Step 4: Regional Director/ NCLT shall compound the offence by giving company or Officers- in- default an opportunity of being heard.
Documents required for Compounding
- Copy of Board Resolution passed by the Company in its Board meeting by following the provisions of Sec 173 of the Companies Act, 2013.
- Application for Compounding given by the company to the Registrar.
- E- form GNL- 1.
Case Laws relating to Compounding
In case of M/S Reflexis System India Pvt. Ltd dated 10.08.2017
In the above case it was held that Company conducted its AGM on 21st October 2016, and violated the provisions of Sec 96 and was liable for penalty under Sec (99) of the Companies Act, 2013.

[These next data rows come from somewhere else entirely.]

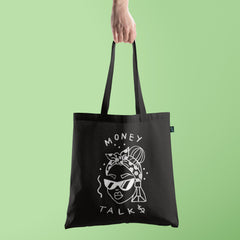 All in one Tote Bag - Money Talks Tote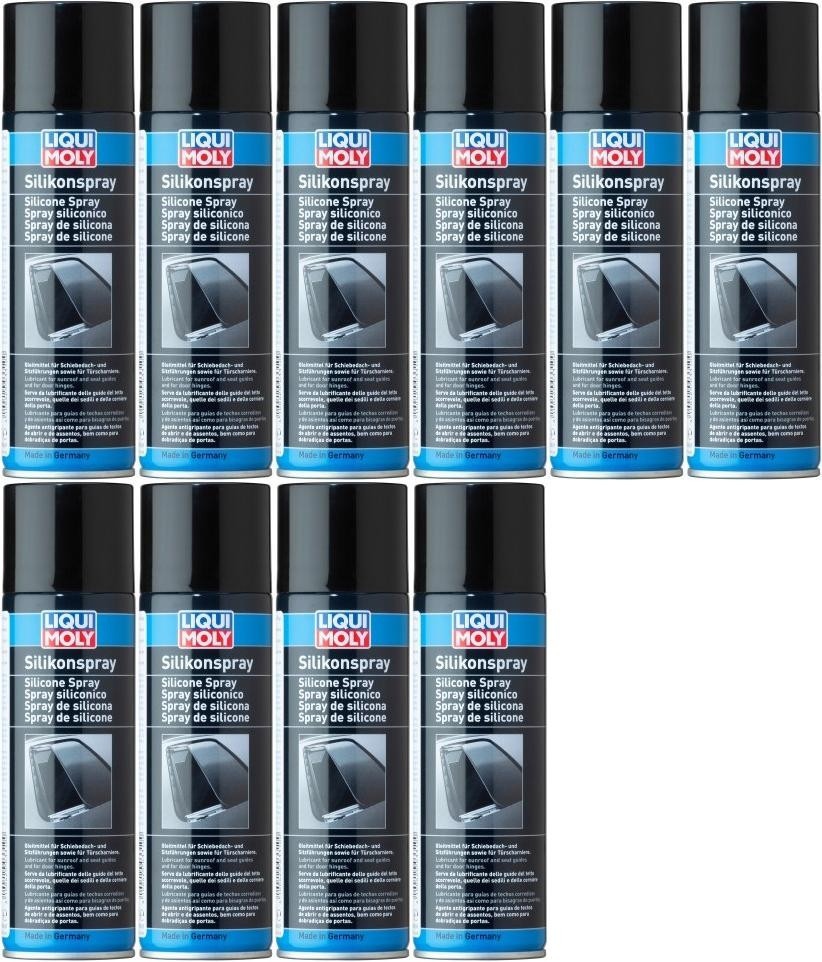Liqui Moly 3310 Silikonspray 10x 300 Milliliter
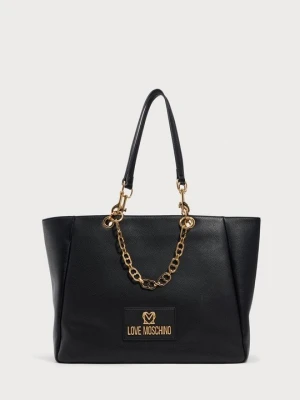 Torba na zakupy LOVE MOSCHINO czarny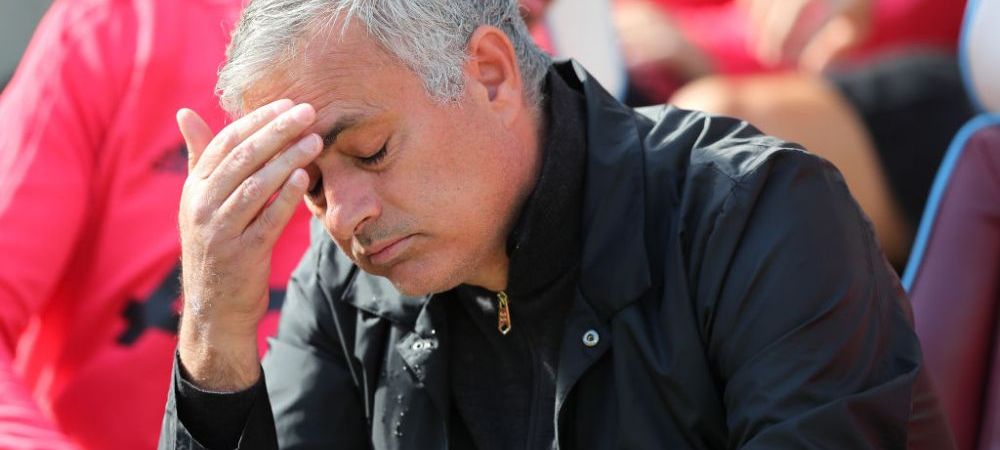 Jose Mourinho amanta Manchester United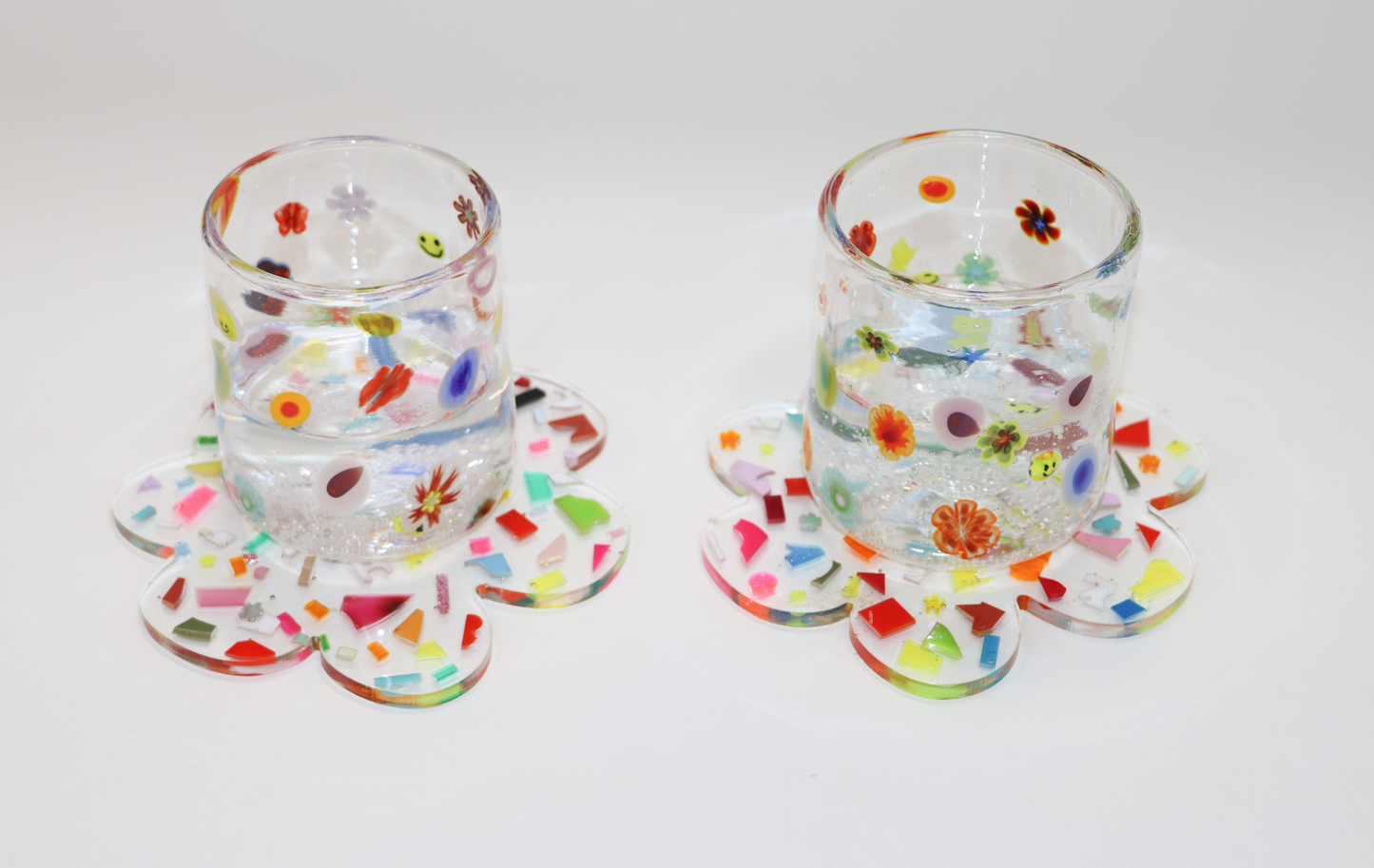 Scrap Coaster, Set of 2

Reason for delay- As per the provision of Sec (96), Company is required to conduct its AGM Of F.Y. till 30th September. Therefore in the above case, Company was required to conduct its AGM of F.Y. 2015-16 till 30th September 2016, but it conducted its AGM on 21st October 2016. Therefore it was regarded as violation of law and Company made an application to the registrar for compounding of such offence. Company secretary Mr. Dinesh Joshi explain the reason for such an offence stating that statutory auditor resigned on 10th March 2016 and new Statutory Auditor was appointed on 25th April and the Audit report was prepared thereafter and immediately after the finalisation of accounts steps were taken to convene AGM.
In the Case of Inter Equipment India (Pvt) Ltd
In the above case It was mentioned that Inter Equipment India (Pvt) Ltd had violated the provisions of Sec 96 by not holding AGM from 2008-2015 but it made the default good By Conduction AGM of 2008- 2015 on 14th June 2016. of Companies Act 2013 and therefore it was liable for penal provisions under Sec (99) of Companies act, 2013.
Reason for delay- Mr. kartik Soma Sundaram stated that there was dispute between the members of company and the case regarding dispute was pending in high court and therefore Company could not file the return within the required time.
On the Examination the Court held that a fine of Rs.5000/- by the applicant company and a fine of Rs.2500/- by each director shall be sufficient restraint to prevent that company from committing the offnce again.